**Supplied information**

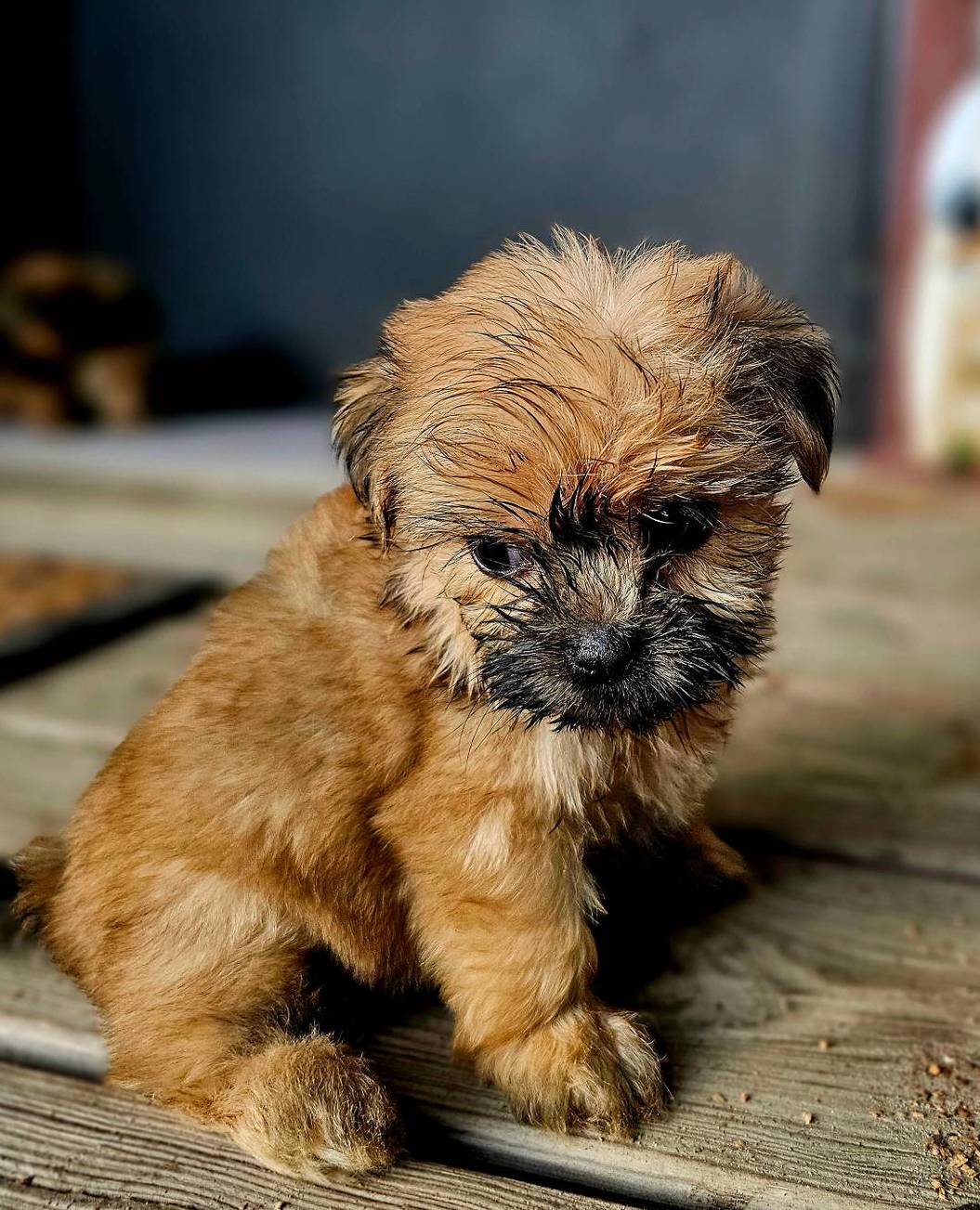 Jessie, a male Shorkie for sale in Millry, AL – Photo 4 of 6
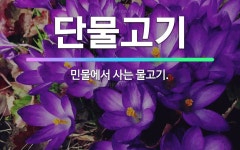 🌟단물고기: 민물에서 사는 물고기. - 표준국어대사전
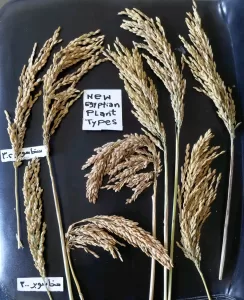 د.الموافي: برامج وطنية مكثفة لتطوير إنتاج أصناف "الأرز السوبر" 23 - جريدة المساء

**Brief**
Reproduce exactly and only the lines from the line that contains "물고기. - 표준국어대사전" to the end of the data above, both ends included. No pictures go in the copy.

**Reply**
 🌟단물고기: 민물에서 사는 물고기. - 표준국어대사전
 د.الموافي: برامج وطنية مكثفة لتطوير إنتاج أصناف "الأرز السوبر" 23 - جريدة المساء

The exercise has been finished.